(Stored items)
[Start of section]

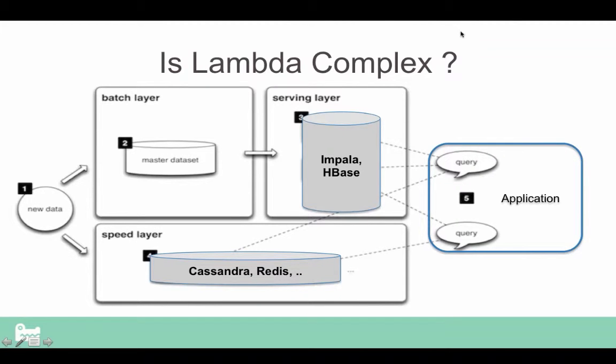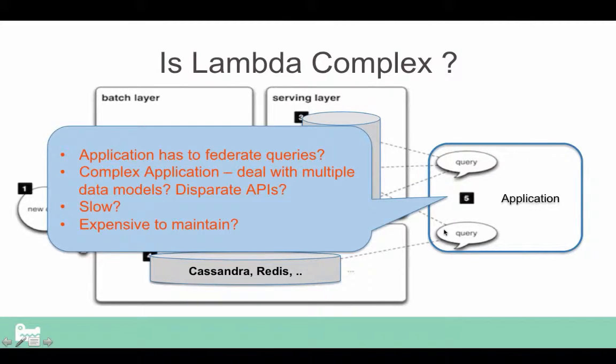It's up to the application now to essentially bring these two things together. So the question is, is it really complex? The application has to end up federating across these data stores so that you can run essentially interactive queries. You're dealing with multiple data models, disparate APIs. It's potentially slow and likely going to be very expensive to maintain because you're dealing with different clusters, having to tune different kinds of products, configure multiple clusters, and so on.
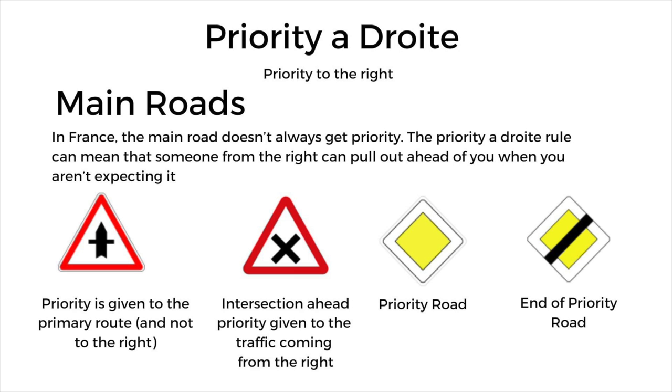Here are some of the road signs associated with priority. You're going to see these all over the road system in France, and it's good to be aware of what they mean. The first one is priority given to the primary route. The second one with the cross means at the intersection ahead, priority is given to traffic coming from the right. If you see the yellow diamond, it means you have priority on the road, so the priority-to-the-right rule doesn't apply. And if you see the black line through it, it means it's the end of your priority on the road.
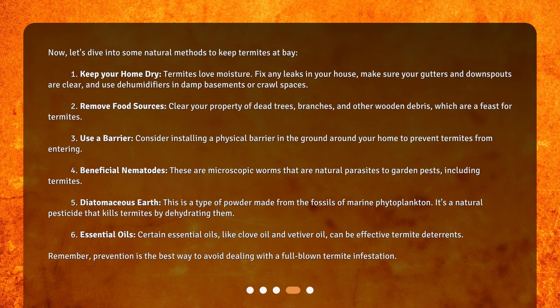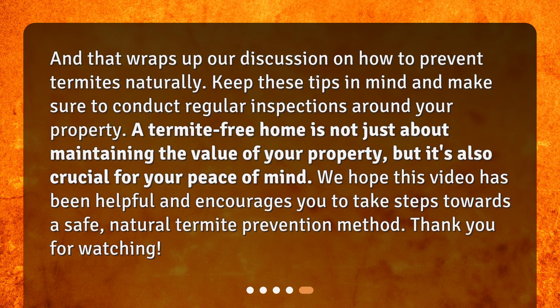Six: essential oils. Certain essential oils like clove oil and vetiver oil can be effective termite deterrents. Remember, prevention is the best way to avoid dealing with a full-blown termite infestation. Keep these tips in mind and make sure to conduct regular inspections around your property. A termite-free home is not just about maintaining the value of your property, but it's also crucial for your peace of mind. Thank you for watching.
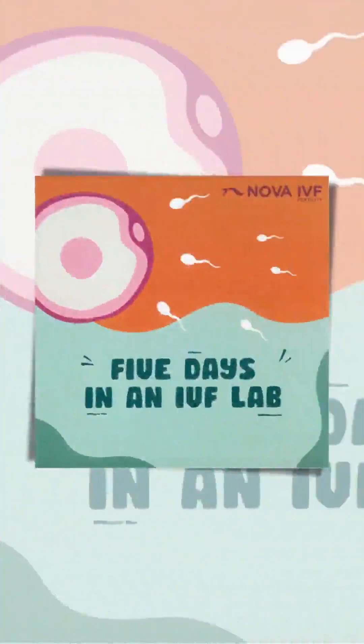Have you wondered what happens to your eggs once they are retrieved during the egg pickup procedure and until they reach the blastocyst stage? Let's take a look at five days in an IVF lab.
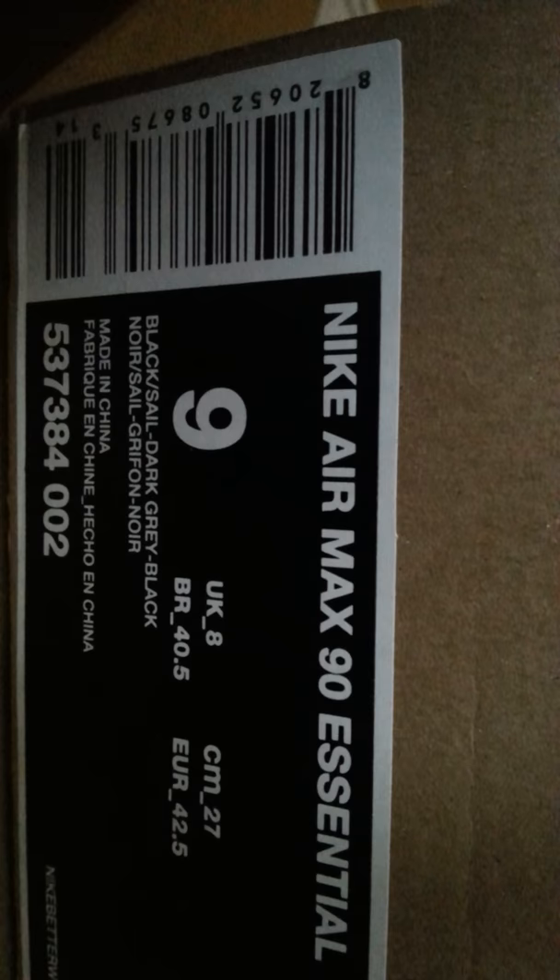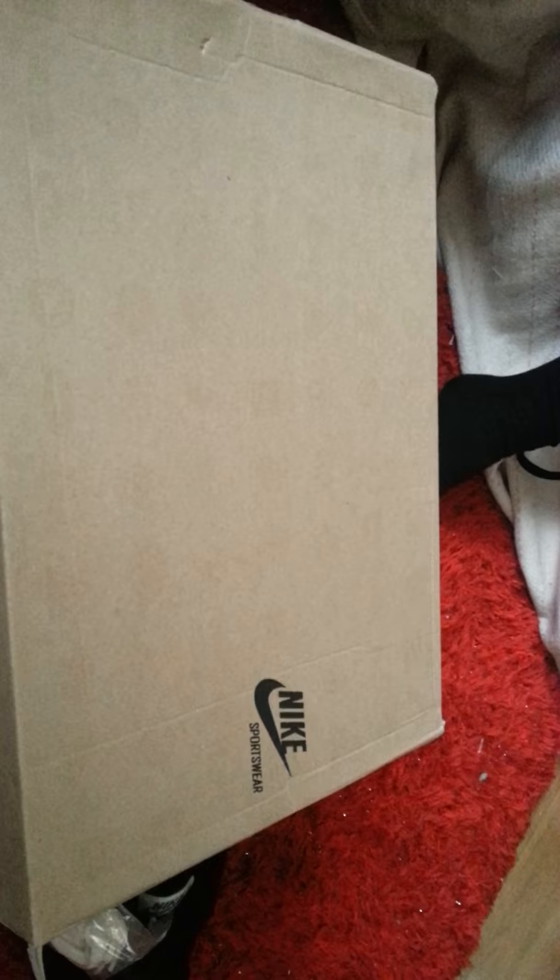They come with the actual Nike box. I'm in the UK, so UK size 8 — comes in the original Nike box. And here are the shoes, so let's get into more detail with these shoes.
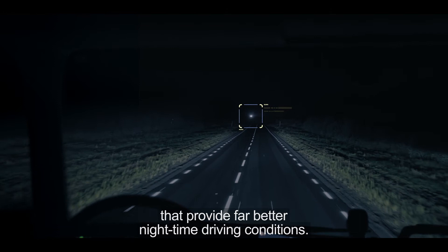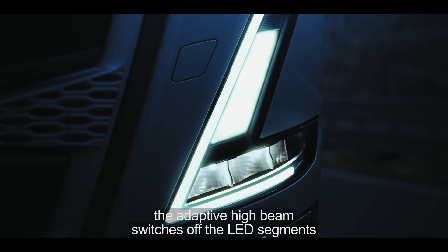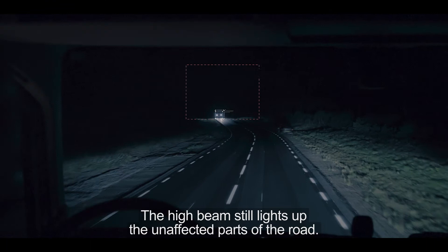When the camera detects other vehicles, the adaptive high beam switches off the LED segments that would otherwise dazzle drivers of vehicles ahead and approaching. The high beam still lights up the unaffected parts of the road.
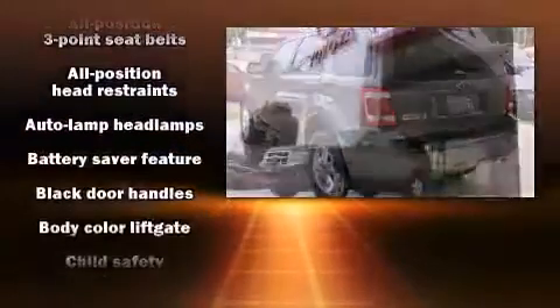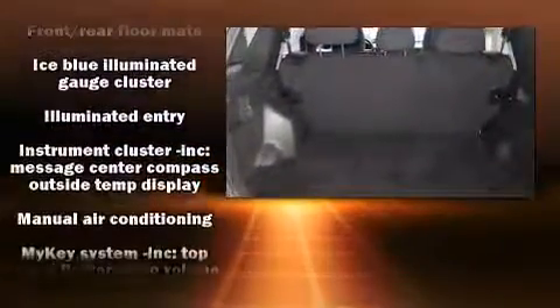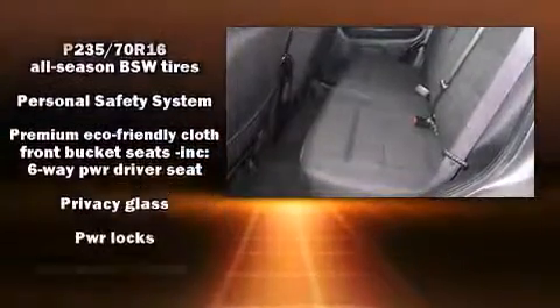Ford also prioritized safety and security by including dual front impact airbags with occupant sensing airbag, head curtain airbags, traction control, brake assist, ignition disabling, and ABS brakes.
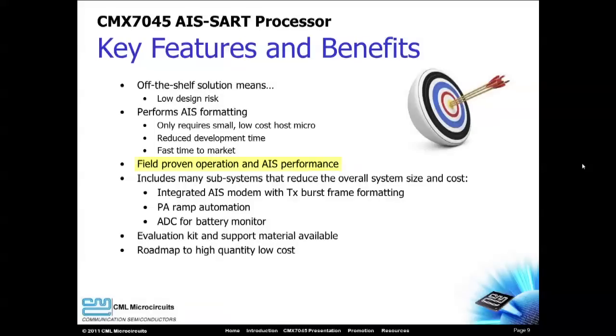CML is an established player in the AIS market, with many certified AIS designs in service around the world. The integrated features of the CMX7045 reduce your external parts count and bill of materials cost, and the support tools allow rapid device evaluation.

[End of section]

Could you reproduce exactly the lines from the one containing "Have you wondered" through the last line of the records, both included, leaving out the pictures?

Answer space —
Have you wondered what happens to your eggs once they are retrieved during the egg pickup procedure and until they reach the blastocyst stage? Let's take a look at five days in an IVF lab.
They come with the actual Nike box. I'm in the UK, so UK size 8 — comes in the original Nike box. And here are the shoes, so let's get into more detail with these shoes.
When the camera detects other vehicles, the adaptive high beam switches off the LED segments that would otherwise dazzle drivers of vehicles ahead and approaching. The high beam still lights up the unaffected parts of the road.
Ford also prioritized safety and security by including dual front impact airbags with occupant sensing airbag, head curtain airbags, traction control, brake assist, ignition disabling, and ABS brakes.
CML is an established player in the AIS market, with many certified AIS designs in service around the world. The integrated features of the CMX7045 reduce your external parts count and bill of materials cost, and the support tools allow rapid device evaluation.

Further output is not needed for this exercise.